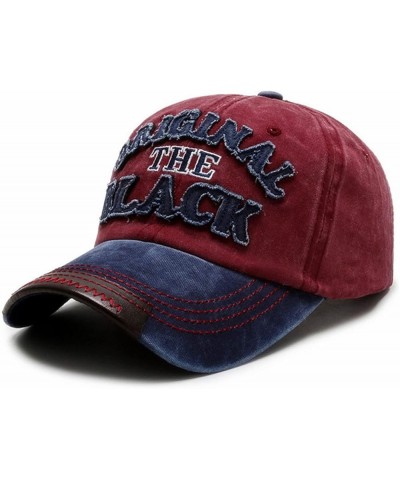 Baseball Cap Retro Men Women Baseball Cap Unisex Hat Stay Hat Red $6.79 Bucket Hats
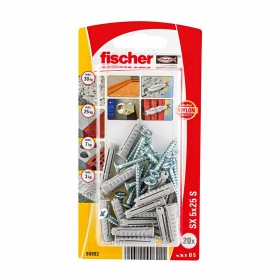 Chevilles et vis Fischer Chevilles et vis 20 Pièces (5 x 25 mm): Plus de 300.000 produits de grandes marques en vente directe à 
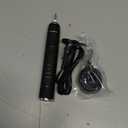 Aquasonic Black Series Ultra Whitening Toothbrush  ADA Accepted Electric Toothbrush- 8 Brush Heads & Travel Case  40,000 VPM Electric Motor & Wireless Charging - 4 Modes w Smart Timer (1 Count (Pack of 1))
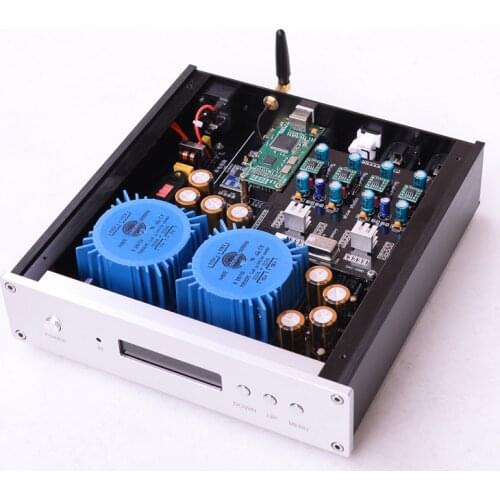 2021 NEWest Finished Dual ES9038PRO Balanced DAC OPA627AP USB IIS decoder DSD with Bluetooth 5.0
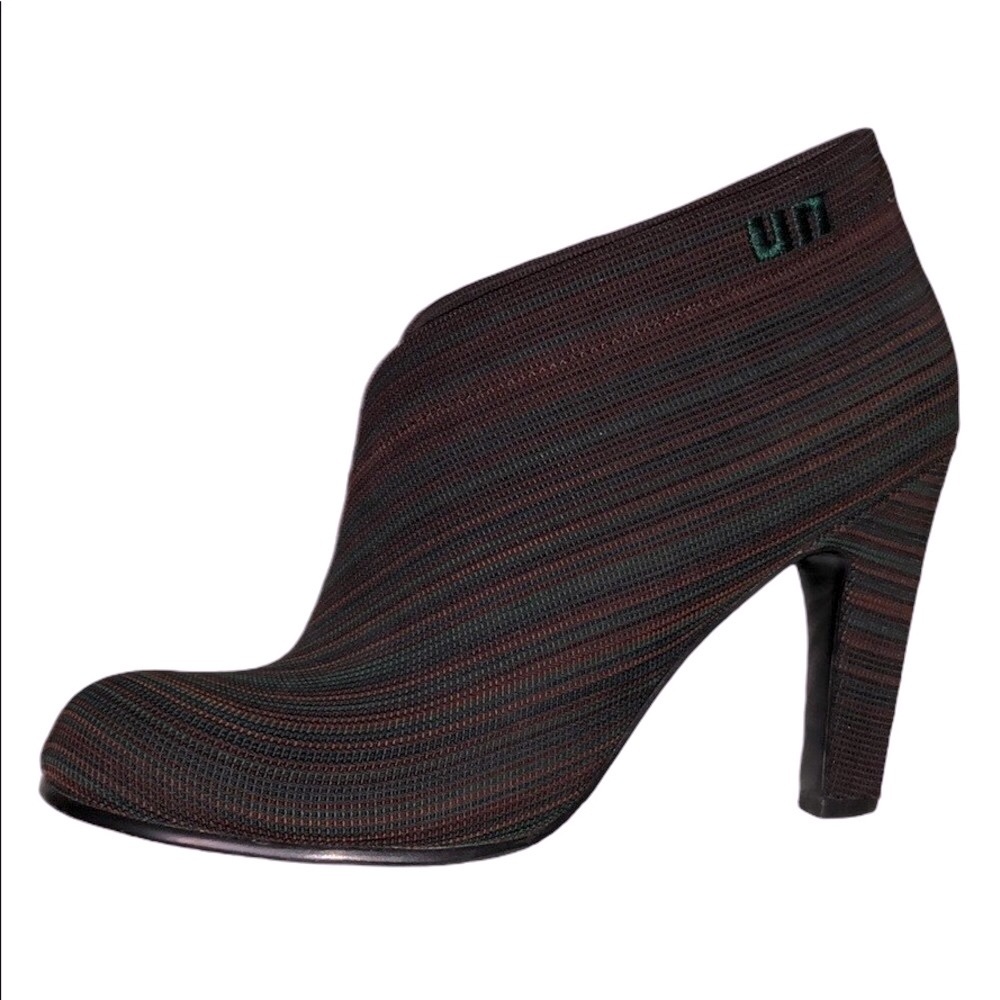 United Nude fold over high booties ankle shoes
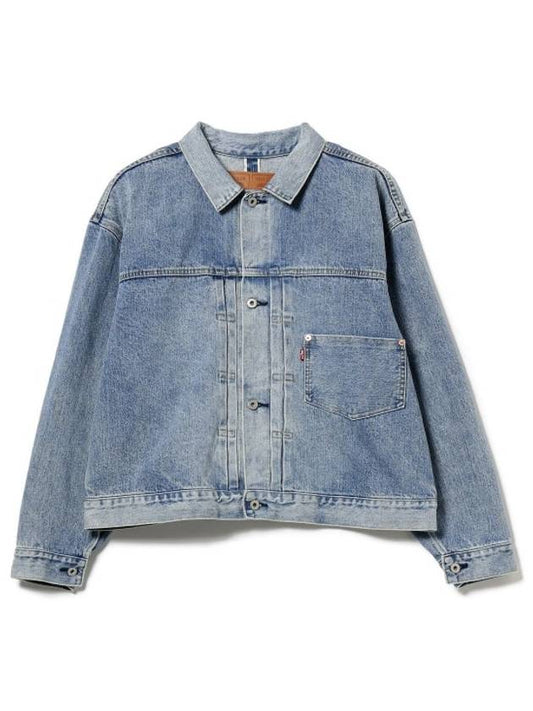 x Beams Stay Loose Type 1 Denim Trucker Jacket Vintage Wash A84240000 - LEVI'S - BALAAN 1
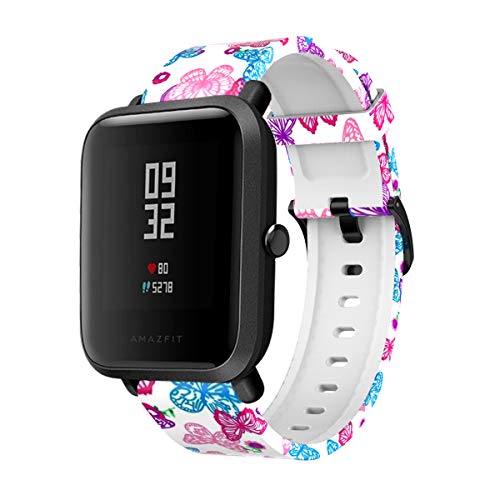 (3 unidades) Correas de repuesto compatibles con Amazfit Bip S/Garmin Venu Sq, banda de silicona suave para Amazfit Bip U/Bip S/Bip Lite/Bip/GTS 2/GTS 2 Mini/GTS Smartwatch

§

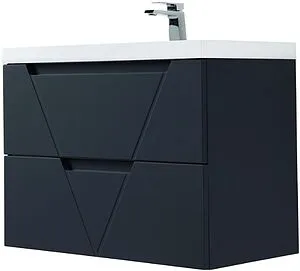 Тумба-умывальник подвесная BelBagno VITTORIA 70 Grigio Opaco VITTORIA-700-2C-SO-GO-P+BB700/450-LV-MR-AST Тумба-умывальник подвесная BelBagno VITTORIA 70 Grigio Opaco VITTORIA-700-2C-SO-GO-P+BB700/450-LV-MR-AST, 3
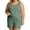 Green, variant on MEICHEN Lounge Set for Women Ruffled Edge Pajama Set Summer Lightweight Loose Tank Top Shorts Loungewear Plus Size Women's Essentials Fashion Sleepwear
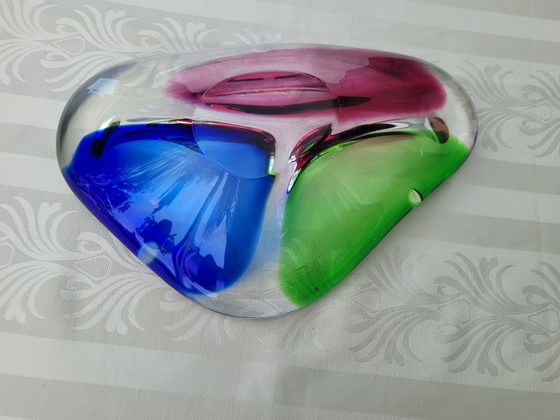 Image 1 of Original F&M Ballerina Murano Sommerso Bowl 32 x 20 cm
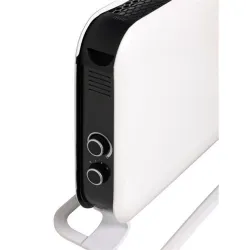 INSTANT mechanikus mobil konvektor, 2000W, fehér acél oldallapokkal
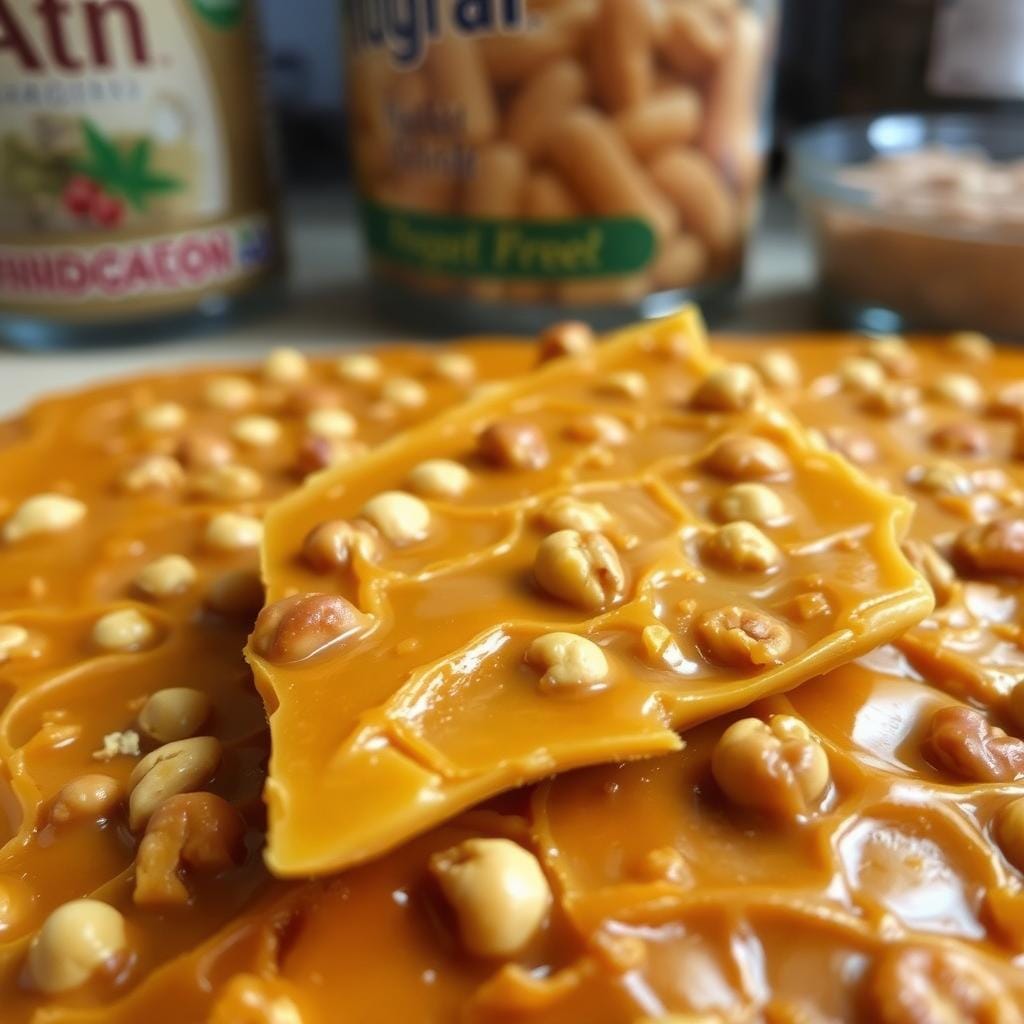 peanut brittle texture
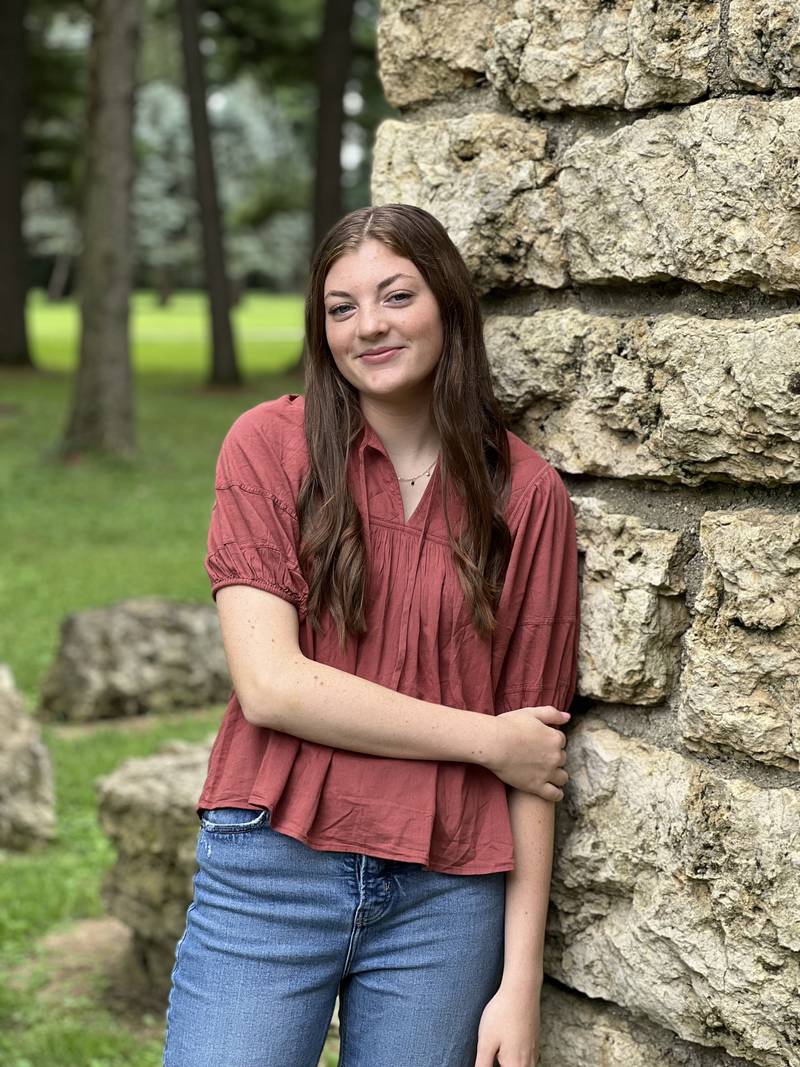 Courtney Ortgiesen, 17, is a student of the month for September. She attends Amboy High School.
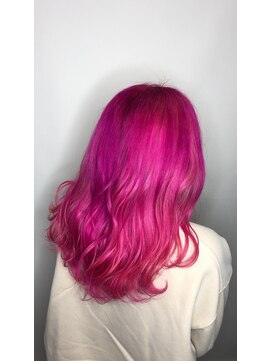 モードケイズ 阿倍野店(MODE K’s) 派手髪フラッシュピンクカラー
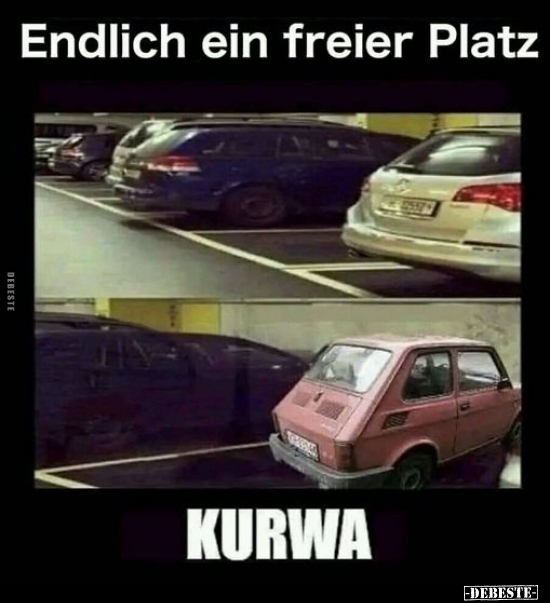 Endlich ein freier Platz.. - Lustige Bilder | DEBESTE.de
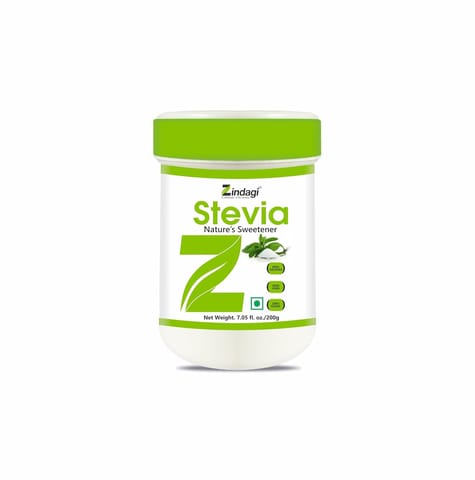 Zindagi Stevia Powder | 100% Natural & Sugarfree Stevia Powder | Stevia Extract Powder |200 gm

§

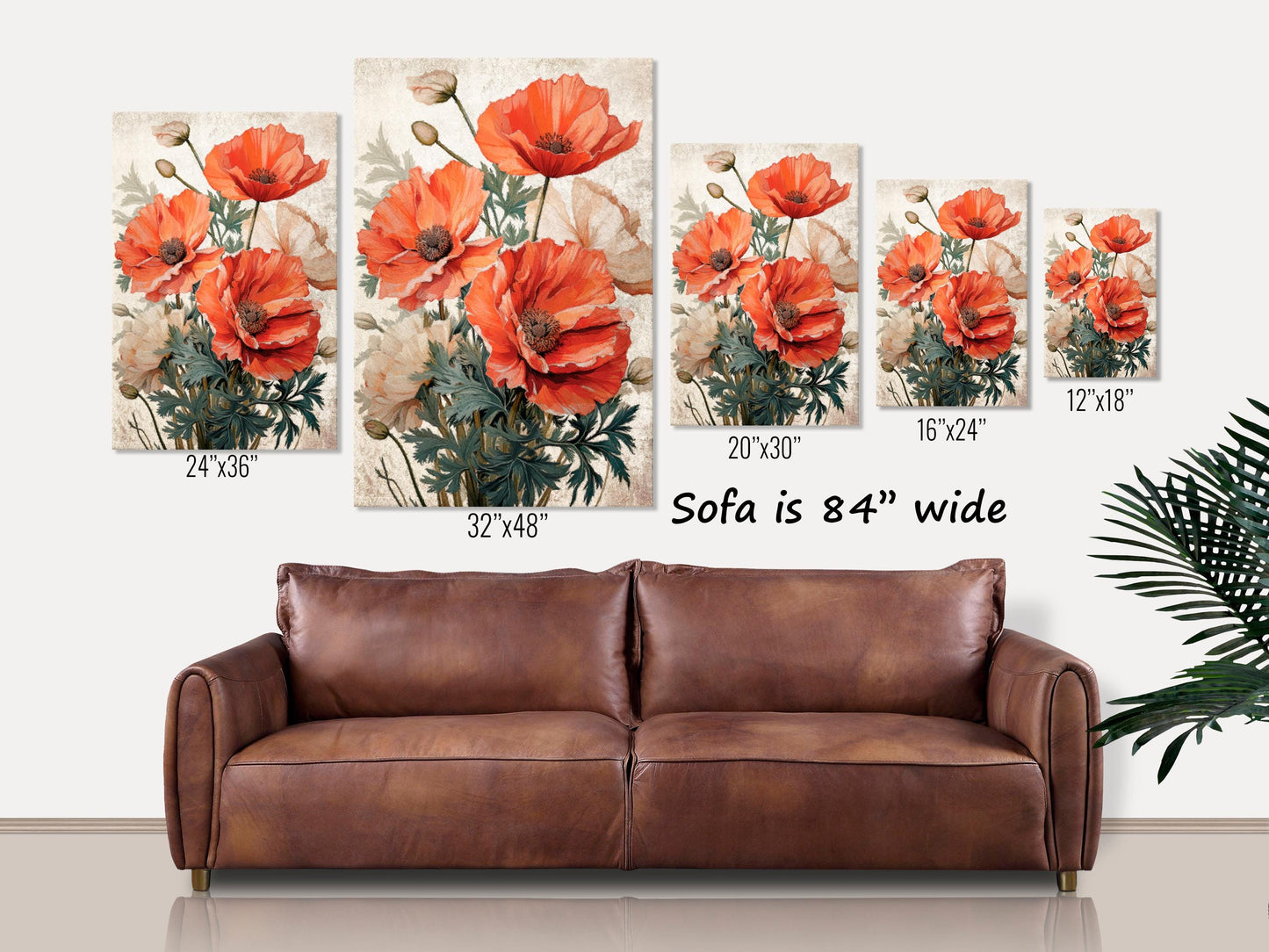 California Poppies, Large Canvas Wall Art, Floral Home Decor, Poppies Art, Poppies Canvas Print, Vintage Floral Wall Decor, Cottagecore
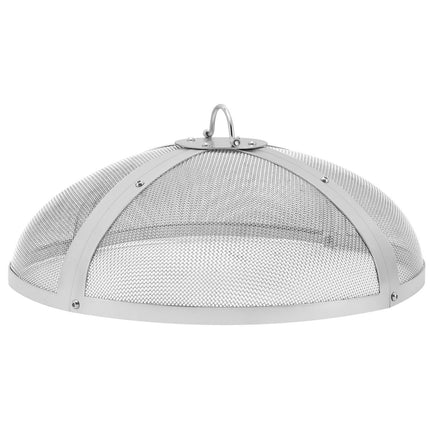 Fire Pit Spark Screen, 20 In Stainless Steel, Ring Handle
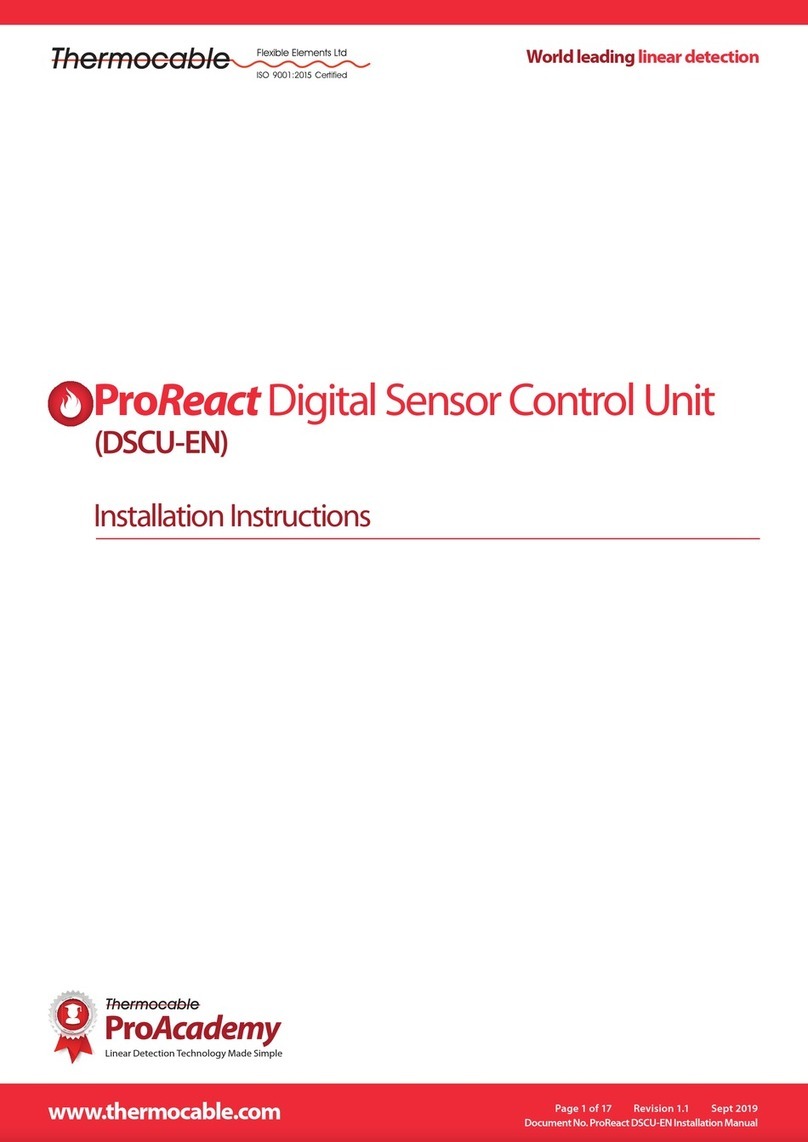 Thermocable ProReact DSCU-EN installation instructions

§

Pictures excluded, transcribe the listing above exactly from the line with "California Poppies, Large" through the line with "Thermocable ProReact DSCU-EN", and no further.

REPLY TO THE EXERCISE ::
 California Poppies, Large Canvas Wall Art, Floral Home Decor, Poppies Art, Poppies Canvas Print, Vintage Floral Wall Decor, Cottagecore
 Fire Pit Spark Screen, 20 In Stainless Steel, Ring Handle
 Thermocable ProReact DSCU-EN installation instructions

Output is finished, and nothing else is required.